▶ _Listed records_:
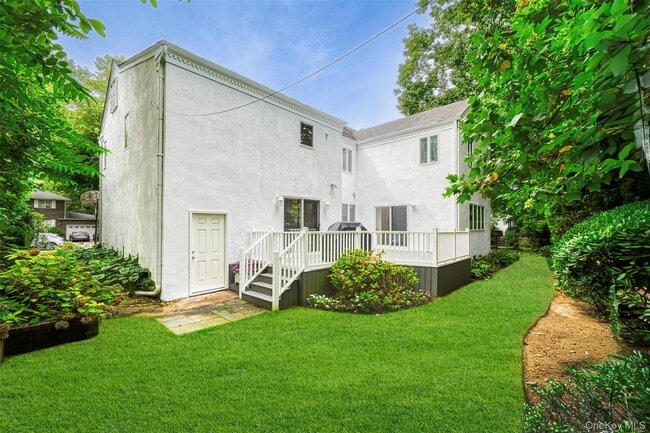 Building Photo - 23 Parkside Dr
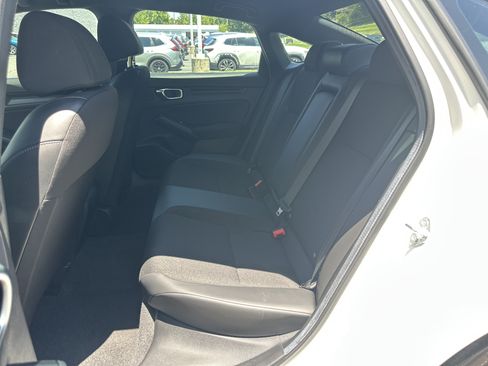 Used 2025 Honda Civic Sport image 32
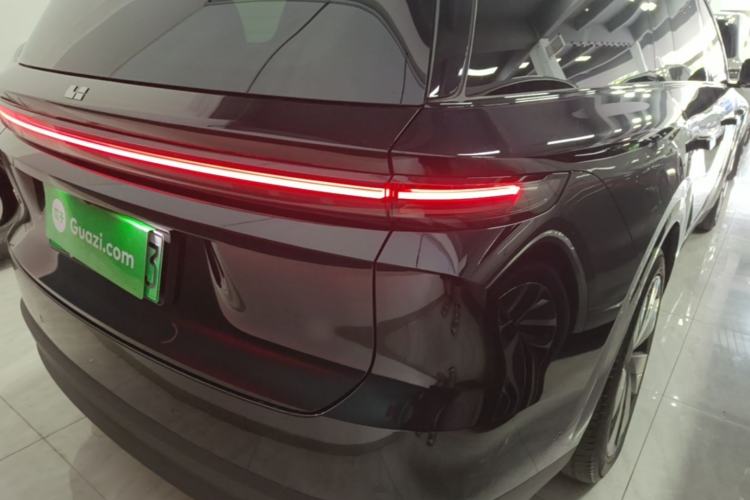 Used Li Auto i8 2025 Model Standard Version Exterior 3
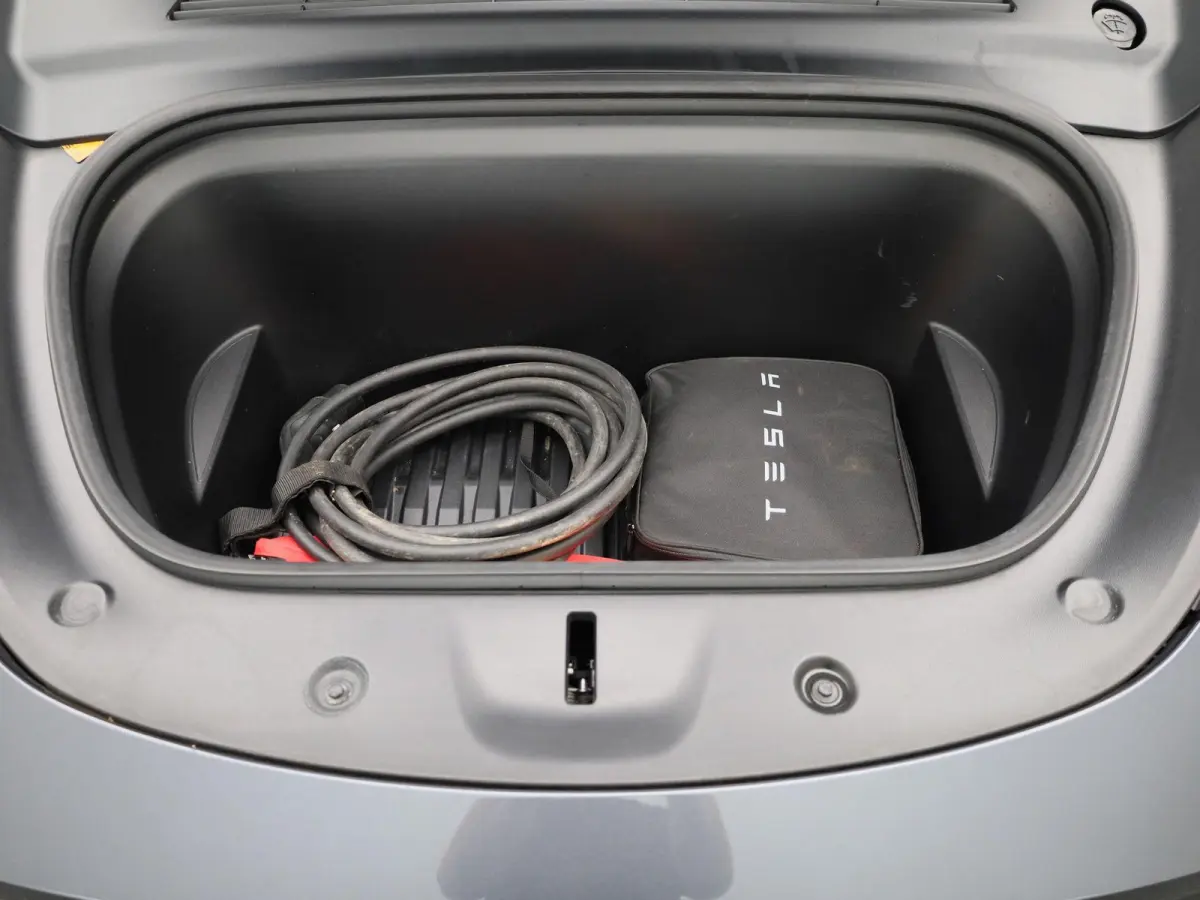 Long Range AWD 75 kWh | PANORAMADAK | APPLE CARPLAY | ANDROID AUTO | ACHTERUITRIJCAMERA | PARKEERSENSOREN | ELEKTRISCHE STOELEN | NAVGATIE | LED VERLICHTING | LICHTMETALEN VELGEN |
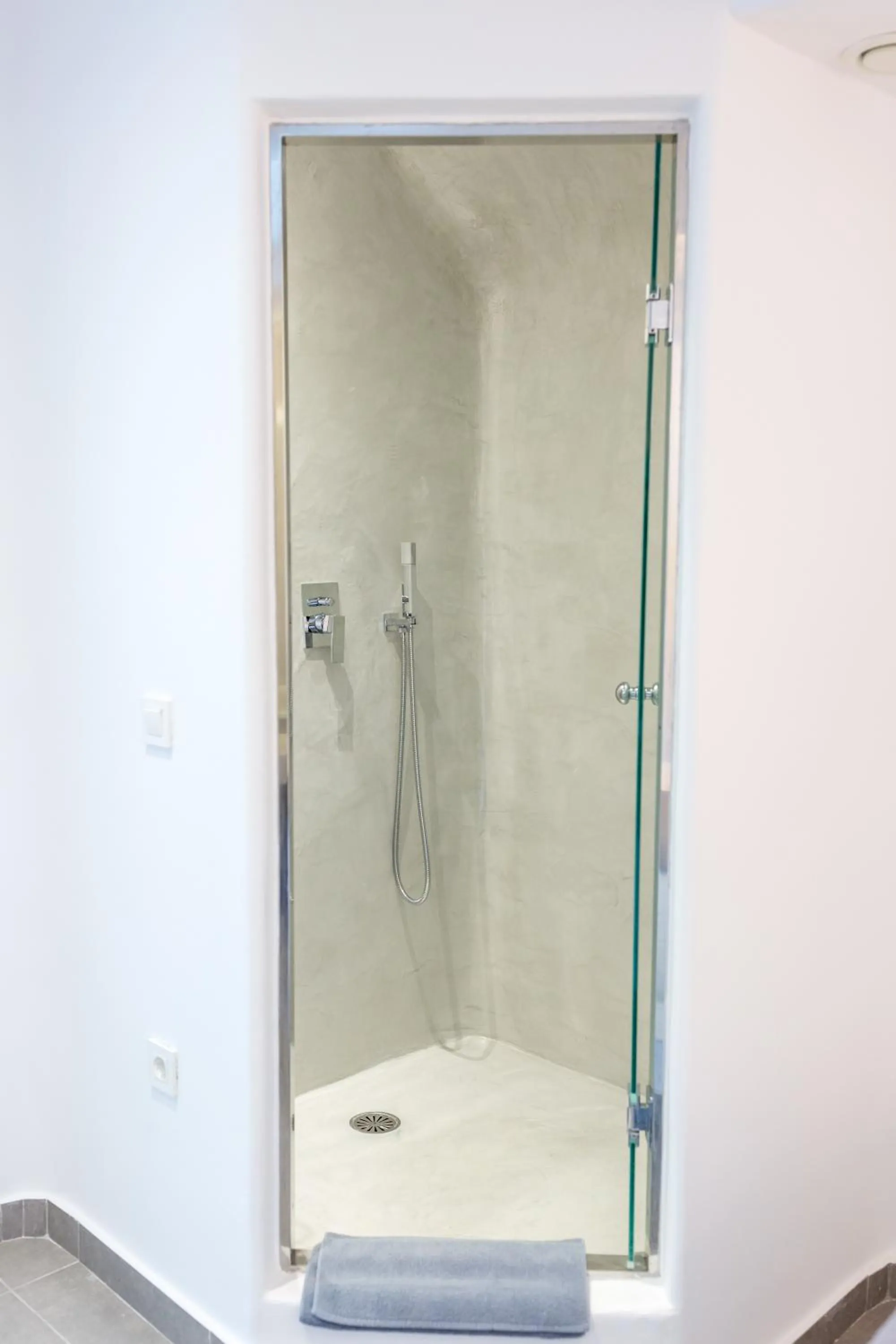 Shower in Dreaming View Suites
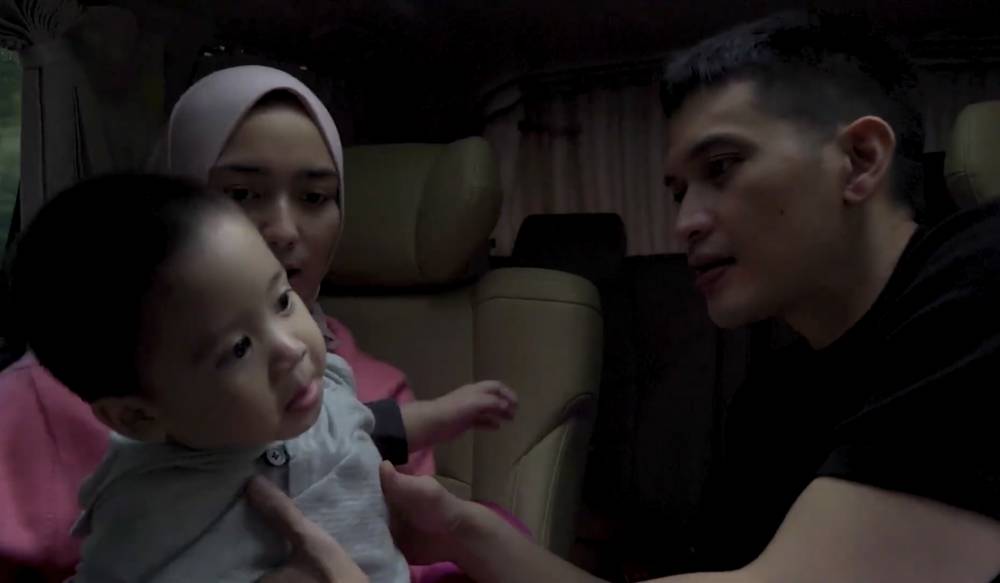 momen Rezky Aditya dan Citra Kirana bareng anak main ke kebun binatang (youtube.com/CikyCitraRezky)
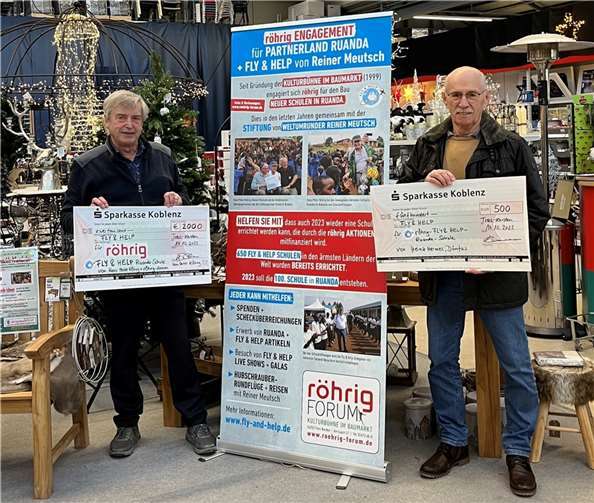 Auch am vierten Advents-Samstag wurden die röhrig-Benefiz-Aktionen mit Schecküberreichungen von Hans Peter Röhrig und Heinz Hermes für den Schulbau im rheinland-pfälzischen Partnerland Ruanda fortgeführt. Foto: privat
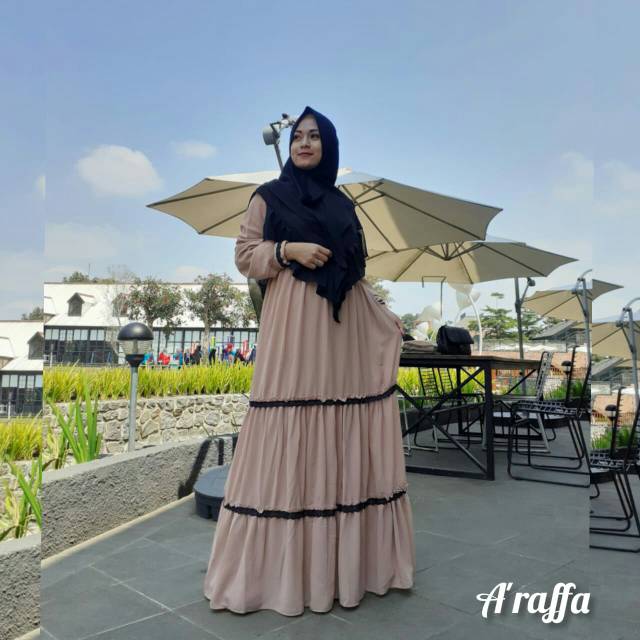 Gamis syari ceruty babydoll polos renda susun  krem arraffa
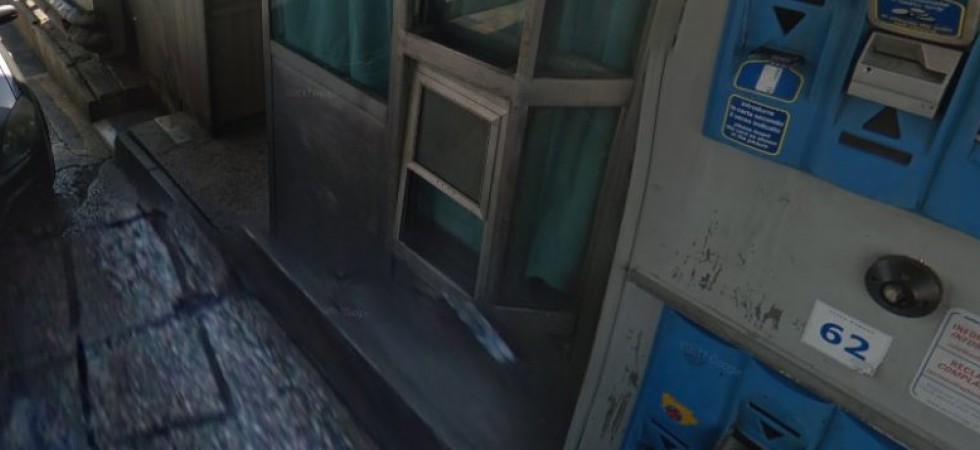 A22, coprono la targa dell'auto e in tre svuotano la cassa del casello autostradale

▶ _Exercise_: Start with the line that holds "Shower in Dreaming View Suites" and retype each line through the last one in the data, exactly and without pictures.

▶ _Result of the task_:
 Shower in Dreaming View Suites
 momen Rezky Aditya dan Citra Kirana bareng anak main ke kebun binatang (youtube.com/CikyCitraRezky)
 Auch am vierten Advents-Samstag wurden die röhrig-Benefiz-Aktionen mit Schecküberreichungen von Hans Peter Röhrig und Heinz Hermes für den Schulbau im rheinland-pfälzischen Partnerland Ruanda fortgeführt. Foto: privat
 Gamis syari ceruty babydoll polos renda susun  krem arraffa
 A22, coprono la targa dell'auto e in tre svuotano la cassa del casello autostradale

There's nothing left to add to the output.